Just about every business, big or small, needs financing. You have to remember that you can have profits without having much money in your bank account. If you run short of cash, it will negatively affect the entire business, including paying for:
- Startup costs
- Inventory purchases
- Uncollected receivables
- Other uses for working capital
- Capital expenditures
Funding is available in the form of debt and equity. If you are a small business, you may not have a way to raise equity, and/or you may not want to be selling partial ownership to someone else. Thus, you are more likely to use debt as a means of raising funds. You use the funding to pay your bills and to grow your business. While it’s possible that you have enough cash in the bank to finance all your needs, the great majority of businesses rely on at least some outside money to start operations, undergo an expansion program and/or replenish their working capital (current assets minus current liabilities).
Roadblocks to Success
If you are a well-prepared business owner, you’ve assembled a business plan that includes your estimated cash flows. Whenever you project negative cash flows, you will need additional funding through equity or debt. In other words, it’s time to take out a loan when you are depleting your cash.
The most notorious cash flow culprit is accounts receivable (A/R). Simply stated, if you extend credit to customers, you will always run up against a few bad apples who take forever to pay their bills. If you make cash inflow estimates of $10K a month and even have sales figures that meet this target, slow collections can result in a cash shortfall. Eventually, you hope to collect at least 95 percent of your A/R, but the longer it takes, the more you will need funding.
As you are waiting for your credit customers to cough up the cash, you still must pay bills to vendors, lenders, the IRS, employees, etc. These folks are not interested in your collection problems –they want to be paid on time. That’s when timely commercial loans, such as the ones available from IOU Financial, are just the ticket to get you over the rough patches.
Another common use for external funding is to pay for the costs of starting your business. To earn money, you have to spend money, and during the startup phase, you are spending aplenty but earning nary a nickel. A startup loan will allow you to purchase the equipment, space, merchandise, recruitment, insurance and dozens of the other things you need in order to open the business.

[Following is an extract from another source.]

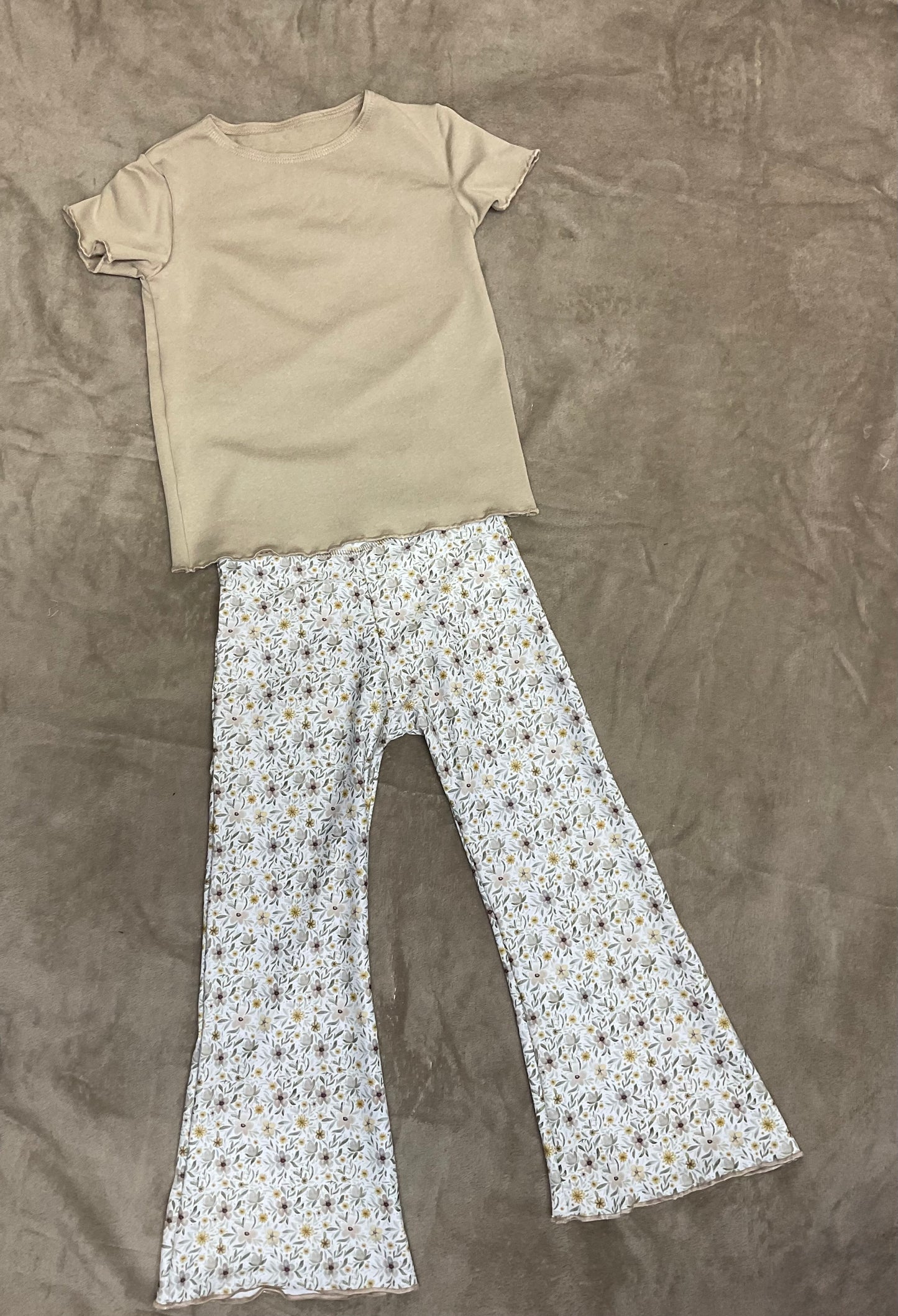 Almond Floral Flare Leggings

Going back to your business plan, a startup should have a pretty good idea of how much funding it will need before it can begin selling products or services. The plan will show the necessary borrowing, including a realistic assessment of the interest costs and the payback period. It’s a complete red flag if you can’t secure the funding you need to start your business — better rethink the whole thing. Perhaps you can modify your plans to make them more modest. One strategy is to start very small and then use profits to bootstrap your growth. If even a modest plan can’t scare up enough funding, you might have to abandon the whole idea. That’s how capitalism works — allocating resources where they will do the most good (i.e. bring the highest returns on investment).
The bottom line is not to be surprised that you will need financing from time to time. Even healthy established businesses need to take out working capital loans in order to continue to grow. The solution is to identify reliable lenders, such as IOU Financial, who will have the cash ready for you when you need it. By carefully husbanding your money, you can grow your company and enjoy the fruits of your labor.